Éric-Pierre Champagne Éric-Pierre Champagne
La Presse

Québec a accepté récemment de mettre sur pied un groupe de travail pour « examiner » les besoins des villes. Essentiellement, la CMM demande une modernisation de la Loi sur l'expropriation.

Les municipalités souhaiteraient que le calcul des indemnisations se base sur la valeur marchande des terrains et non sur le préjudice, qui inclut la valeur estimée d'un projet immobilier.

La CMM souhaiterait que des changements à la loi soient adoptés au printemps 2020 par l'Assemblée nationale.
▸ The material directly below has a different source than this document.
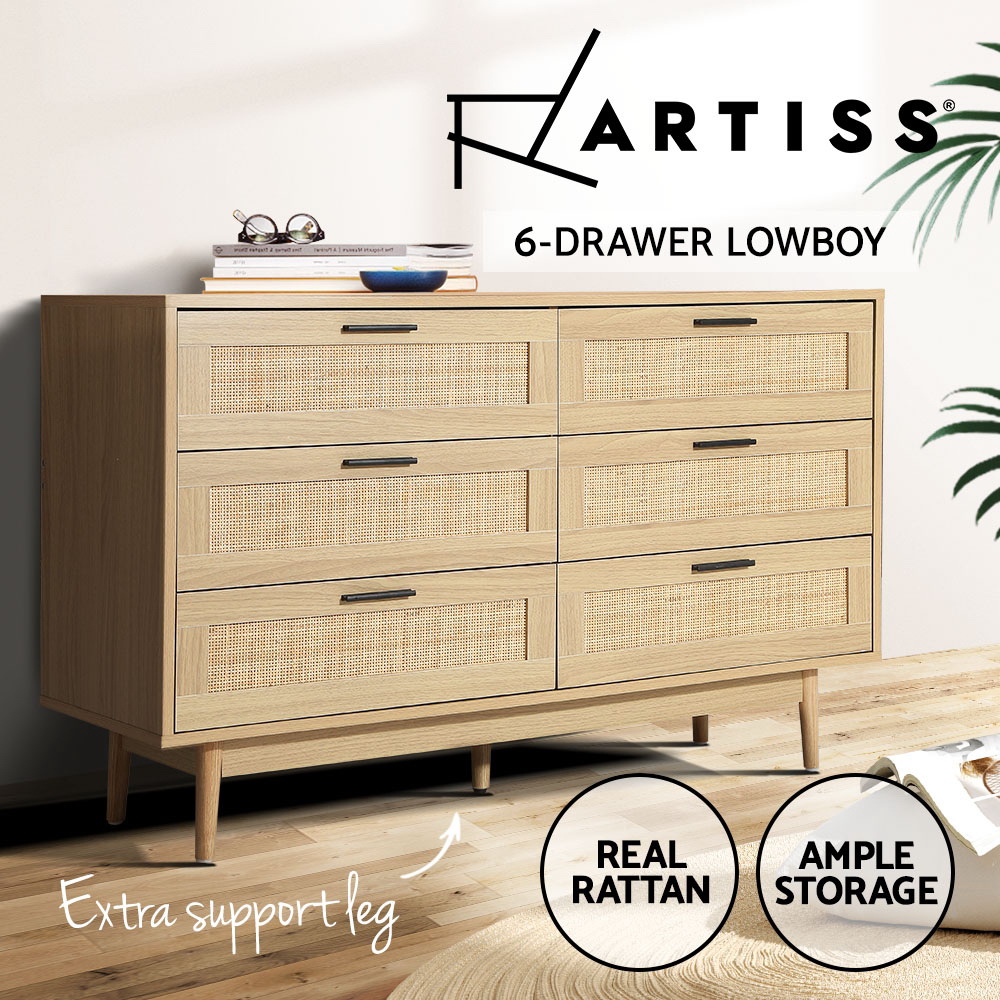 Artiss BRIONY 6 Chest of Drawers Rattan, Oak view 5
Plusieurs villes sont actuellement poursuivies par des promoteurs, dont la Ville de Montréal, qui est poursuivie pour 177 millions de dollars par des promoteurs qui détenaient des terrains dans l'ouest de la ville, où se trouvera le Grand parc de l'Ouest annoncé plus tôt cette année par Valérie Plante.

La CMM souhaiterait aussi que les poursuites pour expropriation déguisée soit proscrites dans les cas de conservation de milieux naturels identifiés à la Carte des milieux naturels d'intérêts métropolitains.

La CMM procède d'ailleurs à une mise à jour de sa carte, qui augmentera le potentiel de conservation du territoire.